§ Provided material
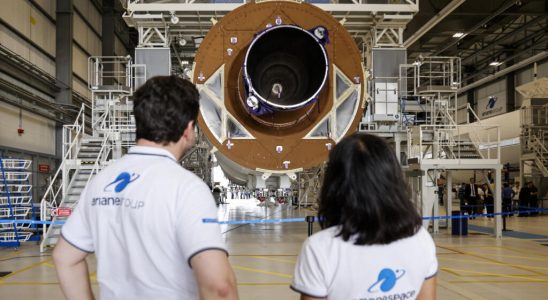 the Ariane 6 rocket a major issue of Emmanuel Macrons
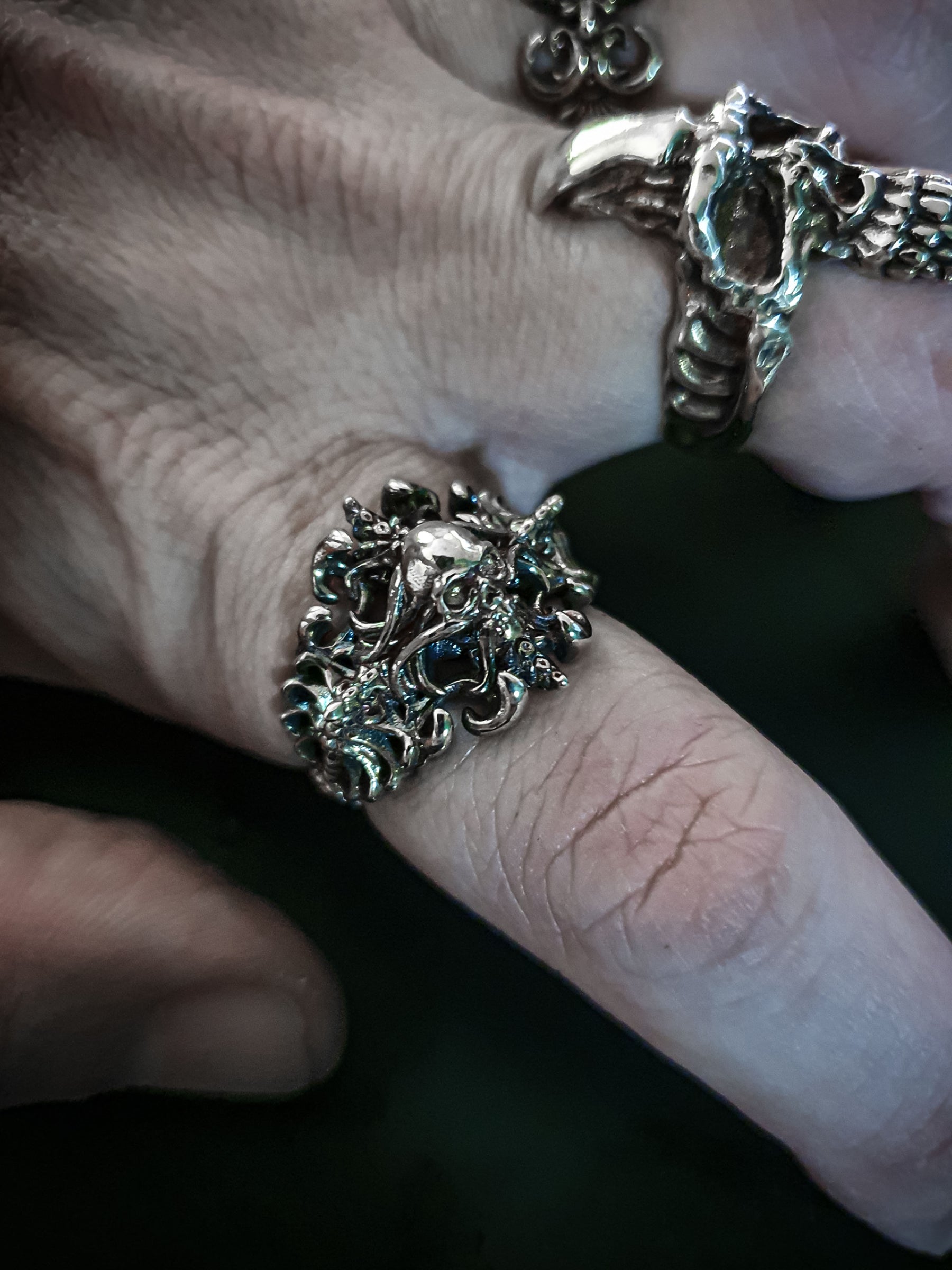 Skull Ring | Prince of Darkness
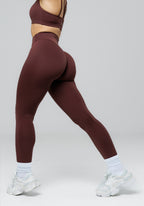 RecStretch Original Sculptseam® Plus Legging Cinnamon Leggings/Joggers Paragon Fitwear 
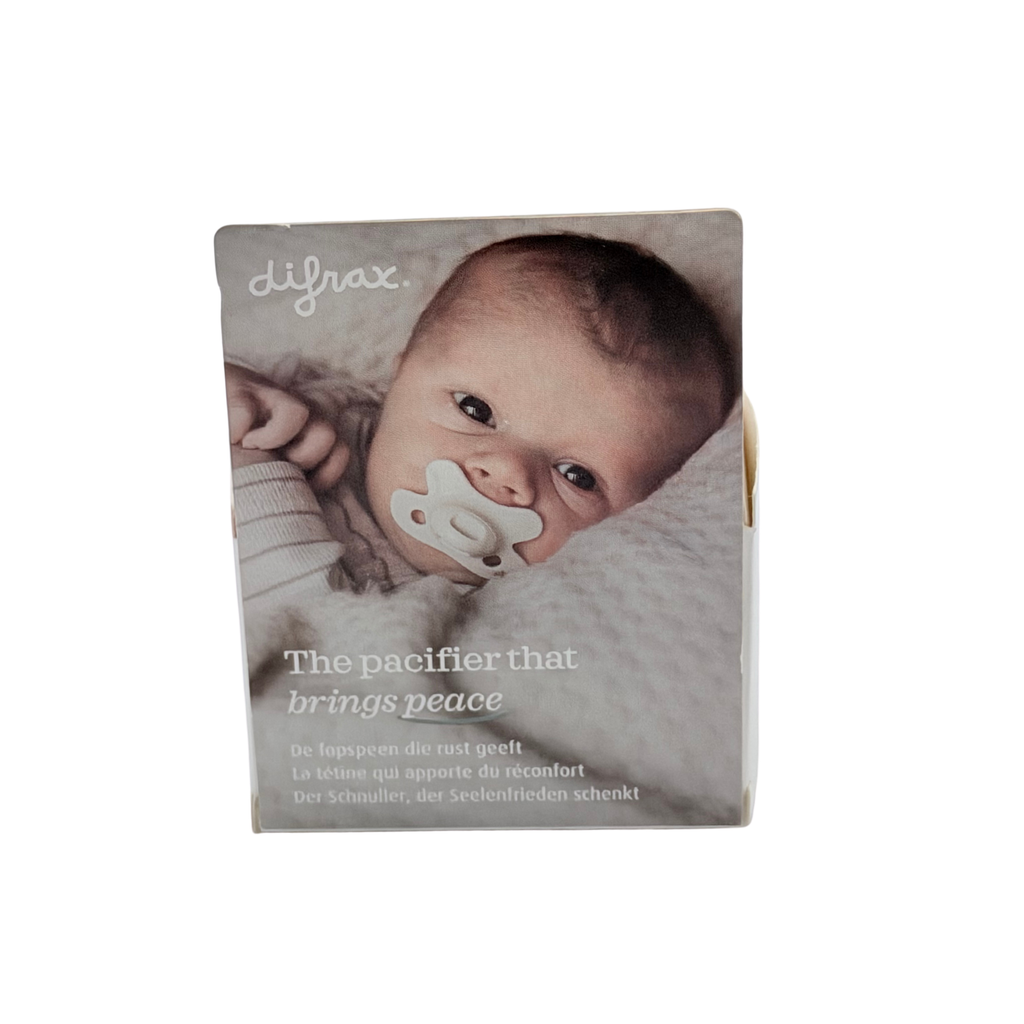 Sucette nouveau-né en silicone – Naissance
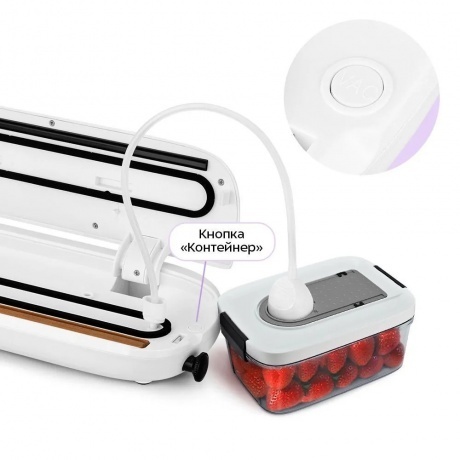 Вакуумный упаковщик Kitfort КТ-1549 - фото 5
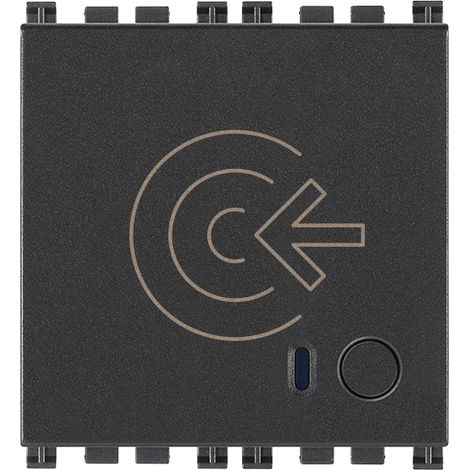 VIMAR - 19462 Sonnette connectée RFID IoT, grise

§ Task details
Ignoring the pictures, write out word for word the lines from the line containing "Skull Ring | Prince of Darkness" through the end of the material above.

§ Exercise result
 Skull Ring | Prince of Darkness
 RecStretch Original Sculptseam® Plus Legging Cinnamon Leggings/Joggers Paragon Fitwear 
 Sucette nouveau-né en silicone – Naissance
 Вакуумный упаковщик Kitfort КТ-1549 - фото 5
 VIMAR - 19462 Sonnette connectée RFID IoT, grise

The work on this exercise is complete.